Global Warming Activists Are Foolish To Focus On 2050 - How About 5 Year Impact?

A new doom and gloom article about the impact of climate change in 40, 50, or 100 years is published at least once a week. However, for climate change skeptics, these predictions are little more than white noise. Given the misses in the predictions from 5 and 10 years ago for global surface temperature, it requires a leap of faith to assume that models can accurately forecast what will occur in the distant future. If meteorologists can only predict the weather 10 days out, how can researchers predict climate change 50 years out?
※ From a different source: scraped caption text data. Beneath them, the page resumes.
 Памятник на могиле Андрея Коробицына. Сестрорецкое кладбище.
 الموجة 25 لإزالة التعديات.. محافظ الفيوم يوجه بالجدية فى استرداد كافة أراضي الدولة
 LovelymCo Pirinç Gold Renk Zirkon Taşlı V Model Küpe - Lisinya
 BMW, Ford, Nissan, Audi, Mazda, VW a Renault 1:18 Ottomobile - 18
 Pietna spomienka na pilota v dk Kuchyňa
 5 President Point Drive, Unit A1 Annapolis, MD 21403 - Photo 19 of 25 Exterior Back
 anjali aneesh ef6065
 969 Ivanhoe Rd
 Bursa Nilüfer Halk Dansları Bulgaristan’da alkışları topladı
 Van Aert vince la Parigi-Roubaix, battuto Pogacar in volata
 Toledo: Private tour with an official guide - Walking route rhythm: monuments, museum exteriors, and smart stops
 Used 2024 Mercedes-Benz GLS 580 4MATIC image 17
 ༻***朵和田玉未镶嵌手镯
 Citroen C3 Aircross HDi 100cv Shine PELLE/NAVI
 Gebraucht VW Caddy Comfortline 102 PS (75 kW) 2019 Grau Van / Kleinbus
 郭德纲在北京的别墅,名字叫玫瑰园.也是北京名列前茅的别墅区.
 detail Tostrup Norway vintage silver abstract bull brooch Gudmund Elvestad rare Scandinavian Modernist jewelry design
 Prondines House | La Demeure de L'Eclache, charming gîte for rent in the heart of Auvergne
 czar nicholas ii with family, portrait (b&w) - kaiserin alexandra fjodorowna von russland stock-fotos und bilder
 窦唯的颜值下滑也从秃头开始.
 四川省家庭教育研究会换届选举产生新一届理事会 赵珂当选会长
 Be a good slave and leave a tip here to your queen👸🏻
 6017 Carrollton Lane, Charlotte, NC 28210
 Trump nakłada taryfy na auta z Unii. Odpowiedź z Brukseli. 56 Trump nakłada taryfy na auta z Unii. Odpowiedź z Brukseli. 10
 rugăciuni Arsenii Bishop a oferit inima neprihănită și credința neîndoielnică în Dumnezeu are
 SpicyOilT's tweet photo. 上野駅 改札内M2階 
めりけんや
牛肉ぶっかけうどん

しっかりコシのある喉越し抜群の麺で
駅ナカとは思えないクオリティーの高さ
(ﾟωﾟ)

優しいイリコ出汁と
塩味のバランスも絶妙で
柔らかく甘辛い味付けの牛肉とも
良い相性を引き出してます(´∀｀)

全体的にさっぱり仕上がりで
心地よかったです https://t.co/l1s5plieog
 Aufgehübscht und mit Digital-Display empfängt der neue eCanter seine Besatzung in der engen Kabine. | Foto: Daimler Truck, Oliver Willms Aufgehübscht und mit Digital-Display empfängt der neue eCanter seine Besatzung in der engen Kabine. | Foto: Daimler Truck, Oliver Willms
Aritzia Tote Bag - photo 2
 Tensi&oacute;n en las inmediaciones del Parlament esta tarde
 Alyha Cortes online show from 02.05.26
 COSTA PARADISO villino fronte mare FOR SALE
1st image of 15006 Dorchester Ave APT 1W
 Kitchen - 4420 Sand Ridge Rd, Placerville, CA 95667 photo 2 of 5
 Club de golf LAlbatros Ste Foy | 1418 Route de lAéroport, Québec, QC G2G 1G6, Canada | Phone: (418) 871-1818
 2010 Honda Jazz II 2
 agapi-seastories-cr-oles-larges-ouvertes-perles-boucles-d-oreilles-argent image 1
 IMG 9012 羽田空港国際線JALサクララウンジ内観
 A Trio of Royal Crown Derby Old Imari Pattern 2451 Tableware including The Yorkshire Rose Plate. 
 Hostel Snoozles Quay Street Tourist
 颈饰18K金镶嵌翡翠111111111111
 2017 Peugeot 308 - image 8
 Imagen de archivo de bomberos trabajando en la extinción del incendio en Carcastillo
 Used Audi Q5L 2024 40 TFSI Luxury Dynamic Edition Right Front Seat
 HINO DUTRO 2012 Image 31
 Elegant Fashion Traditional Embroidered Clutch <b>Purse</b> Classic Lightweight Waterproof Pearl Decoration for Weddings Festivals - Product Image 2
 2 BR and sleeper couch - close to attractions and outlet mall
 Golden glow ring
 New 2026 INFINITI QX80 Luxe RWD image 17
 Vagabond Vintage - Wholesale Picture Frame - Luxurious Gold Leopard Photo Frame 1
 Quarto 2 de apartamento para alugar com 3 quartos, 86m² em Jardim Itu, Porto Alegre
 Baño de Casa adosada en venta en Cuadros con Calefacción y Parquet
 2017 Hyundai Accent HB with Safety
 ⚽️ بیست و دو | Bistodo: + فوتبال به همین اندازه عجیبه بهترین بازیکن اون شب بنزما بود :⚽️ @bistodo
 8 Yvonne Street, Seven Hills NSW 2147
Climate change researchers should focus more attention on the impact of climate change during the next 5 years if they want to convert skeptics over to their agenda of greenhouse gas mediation. In order to capture the attention of skeptics and the undecided it needs to be shown that there is an immediacy to the impact of pumping billions of metric tons of greenhouse gases into the atmosphere. Gaining credibility for long term forecasts requires being able to demonstrate a capability to make accurate medium range forecasts.

While predicting moderate impacts due to climate change occurring during the next five years does not offer the opportunity for producing attention grabbing headlines in the manner that long term catastrophic forecasts do, they do offer a better opportunity for changing opinions.

So what sort of 5 year predictions should climate researchers be making? Here are some examples:
  1. rise in sea level
  2. reduction in arctic sea ice extent
  3. number of hurricanes hitting the U.S.
  4. increase in price of wheat due to extreme weather
  5. increase in the price of rice due to extreme weather
  6. increase in cost of property insurance
  7. number of acres burned by forest fires
  8. increase in pH of the ocean
Predicting global surface temperature should probably be ignored for a couple of reasons: 1)  the variability of  weather gives the expected global surface temperature five years out (2018) a randomness that probably makes it too challenging to accurately predict; and 2) attention should be focused on "climate change", not "global warming".  ("Global warming" still gets more searches than "climate change" according to Google - last month the ratio was 2.2 million searches versus 1.8 million, respectively).

While there is a downside to getting short term predictions wrong, as pointed out in a post by Roger Pielke, Jr., the upside is that getting predictions right offer the opportunity for a researcher to gain minor celebrity status. Maybe it is not a good analogy, but recall how much fame some psychics have gotten from making highly specific predictions that turned out to be accurate, regardless of their overall batting average. Accurate medium term climate change predictions offer a much greater opportunity to win over skeptics than do impossible to verify catastrophic long term predictions.